Hiking with Shawn’s
Shawnee Safety Guide Series:
Safely Sharing the Trail
with Equestrian Users
Horses and mules are a common sight along multiple areas of the Shawnee National Forest. There are almost one or two horse campgrounds in every county that the Shawnee National Forest resides in. Most of the trails in the Shawnee National Forest are horse trails.
We can thank horse riders (and mule riders) for initially developing, continuing the maintain and support the efforts of many trails throughout the Shawnee National Forest. Organizations such as the mule riders from Indiana, Shawnee Trail Conservancy and the Backcountry Horsemen continue to support efforts to maintain trails throughout the forest.
As tourism continues to increase, more hikers, bikers and equine users will also increase in the process and safely sharing the trail with equestrian users is now more important than ever. This article, the first of a new safety series, will go into detail about how you can safely share the trail with equine users.

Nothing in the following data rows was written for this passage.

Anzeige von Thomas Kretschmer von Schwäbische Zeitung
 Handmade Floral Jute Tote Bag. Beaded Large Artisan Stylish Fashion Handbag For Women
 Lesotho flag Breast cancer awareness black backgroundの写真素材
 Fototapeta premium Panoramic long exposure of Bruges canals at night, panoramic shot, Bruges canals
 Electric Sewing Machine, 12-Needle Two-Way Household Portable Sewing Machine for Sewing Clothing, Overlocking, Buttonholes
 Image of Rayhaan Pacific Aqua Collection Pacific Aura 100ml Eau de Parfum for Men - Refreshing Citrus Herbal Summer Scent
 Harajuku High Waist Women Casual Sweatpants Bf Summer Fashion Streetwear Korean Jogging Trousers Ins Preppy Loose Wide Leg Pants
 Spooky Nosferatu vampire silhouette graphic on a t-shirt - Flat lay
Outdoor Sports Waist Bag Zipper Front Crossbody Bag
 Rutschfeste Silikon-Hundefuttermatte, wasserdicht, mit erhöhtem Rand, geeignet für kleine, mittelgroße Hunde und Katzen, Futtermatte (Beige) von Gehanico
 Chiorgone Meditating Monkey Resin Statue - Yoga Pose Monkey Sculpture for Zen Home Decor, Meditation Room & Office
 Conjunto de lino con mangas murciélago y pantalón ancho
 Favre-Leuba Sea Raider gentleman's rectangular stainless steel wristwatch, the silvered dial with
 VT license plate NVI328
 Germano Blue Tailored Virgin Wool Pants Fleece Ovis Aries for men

Always Yield to Equestrian Users
The golden rule is to always yield to equestrian users. This is nothing new. Most standard yielding guidelines in most National Forests, National Parks and state-managed public lands across the country recommend all users always yield to equestrian users and give them the right-of-way. This is exceptionally due to the fact that a horse and a mule are animals with a mind of their own. It is easy for us to stop hiking. It is easy to activate the brake feature on our bicycles and jeeps, but it isn’t always easy to stop a horse/mule on a dime without any issue.
We often see horses in gated pastures, right? This is because they are stock animals. This means that horses and mules are pack mentality and often rely on a leader which if often the rider. Horses and mules scare easy. They don’t see like we do and anything non-equine will likely be considered a threat to them from the get-go. If they see you hiking, mountain biking or performing other non-equine recreating activities, they may consider you a threat and become fearful.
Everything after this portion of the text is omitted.